Policy & Regulation News

House Reps Ask for FFS Waivers for Alternative Payment Models

House members urged CMS to grant more fee-for-service waivers for providers engaging in risk-based alternative payment models.

By Jacqueline LaPointe

- CMS should make it easier for fee-for-service providers to get involved in risk-based alternative payment models by reducing regulatory barriers, House representatives said in a letter this week.

House members urge CMS to reduce regulatory barriers for providers in risk-based alternative payment models

The seventy representatives asked CMS to waive certain fee-for-service regulations, such as the 25 percent Rule for long-term care hospitals, which have prevented some healthcare providers from transitioning to value-based care models.

“Such regulations were designed for the Medicare fee-for-service (FFS) environment; their waiver is necessary to allow payment reform to more effectively move into the post-FFS era, thereby producing more insightful lessons for policymakers and innovators developing the next generation care delivery system,” wrote the House members.

These regulations have created substantial barriers for providers that participate in downside risk alternative payment models, in which the provider shares financial risk with taxpayers, explained the letter.

“The continued application of FFS regulatory barriers within downside risk payment reform models often hinders providers’ ability to identify and place beneficiaries in the most clinically appropriate setting,” stated the Congressional leaders. “It also inhibits their ability to test new, more patient-centered and streamlined clinical pathways.”

For example, CMS finalized a rule in 2005 that mandated Medicare fee-for-service reimbursement reductions for long-term care hospitals if the facility admitted more than 25 percent of Medicare cases from an onsite or neighboring inpatient acute care hospital. The rule became known as the “25 percent rule.”

CMS hoped that the rule would reduce Medicare spending by $90 million, but some industry groups have criticized the regulation. In 2013, the American Hospital Association penned a letter to CMS explaining that the regulation “imposes a barrier by reducing payments based on the origin of the referral, with no regard for a patient’s medical necessity for these services.”

The letter calls on CMS to reconsider regulations like the 25 percent rule because they have created significant challenges for care facilities that have started to engage with value-based care models.

“We urge CMS, to the greatest extent of its authority, to waive the regulations (such as the Long-Term Care Hospital 25 percent rule) that CMS or Congress established for use in FFS reimbursement that stymy the redesign of episodes of care that involve both hospital and post-acute care service and other cross-setting innovations,” wrote the House members.

They added that testing new care delivery approaches in an environment without artificial barriers to care coordination is key to improving patient-centered care, advancing patient outcomes, and reducing healthcare costs and variation.

Additionally, the lawmakers advised CMS to consider new reimbursement models for inpatient rehabilitation facilities and long-term care hospitals in order to encourage providers in alternative payment models to collaborate with these care facilities.

“These higher-cost settings face challenges within downside risk payment reform models because currently, any new efficiencies achieved are not reflected in their per-discharge Medicare reimbursement,” explained the letter.

“Hospitals and other stakeholders, in order to effectively partner with these settings within downside risk payment reform models, need more flexibility.”

In April, CMS released proposed rules that would update the prospective payment systems for both inpatient rehabilitation facilities and long-term care hospitals for the 2017 fiscal year.

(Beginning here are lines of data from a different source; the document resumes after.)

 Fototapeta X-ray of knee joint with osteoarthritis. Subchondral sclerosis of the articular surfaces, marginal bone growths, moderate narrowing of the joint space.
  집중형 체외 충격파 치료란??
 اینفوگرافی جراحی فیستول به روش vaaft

Under the proposed rule regarding inpatient rehabilitation facilities, CMS would increase Medicare reimbursements by 1.45 percent to reflect current market baskets and productivity adjustments. The agency would also increase aggregate payments by 1.6 percent due to updated outlier thresholds.

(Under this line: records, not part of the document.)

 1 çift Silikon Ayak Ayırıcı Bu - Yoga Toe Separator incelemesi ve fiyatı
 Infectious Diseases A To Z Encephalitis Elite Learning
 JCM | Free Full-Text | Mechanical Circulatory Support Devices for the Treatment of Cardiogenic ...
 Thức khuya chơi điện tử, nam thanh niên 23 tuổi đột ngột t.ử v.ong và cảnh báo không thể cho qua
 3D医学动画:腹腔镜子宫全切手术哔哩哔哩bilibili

The proposed rule also stated that CMS would add five new quality measures to the inpatient rehabilitation facilities Quality Reporting Program, including discharge to the community, Medicare spending per beneficiary, potentially preventable 30-day post-discharge readmissions, potentially preventable within stay readmissions, and drug regimen review conducted with follow-up.

Through the proposed rule for the long-term care hospital prospective payment system, CMS would decrease overall payments by 6.9 percent, or $355 million, by creating two types of payments depending on if patients meet specific clinical criteria.

The proposed rule would also expand the 25 percent rule to apply to more long-term care facilities. Congressional interventions that delayed the full implementation of the rule are set to expire in 2016 and the proposed rule does not contain more delays.

CMS would also add four quality measures to the long-term care hospital Quality Reporting Program, including discharge to community, Medicare spending per beneficiary, potentially preventable 30-day post-discharge readmissions, and drug regimen review conducted with follow-up.

While the proposed rules have yet to go into effect, the most recent letter to CMS from the group of House members demonstrates that these blended fee-for-service and performance-based models may need to change to advance value-based care models.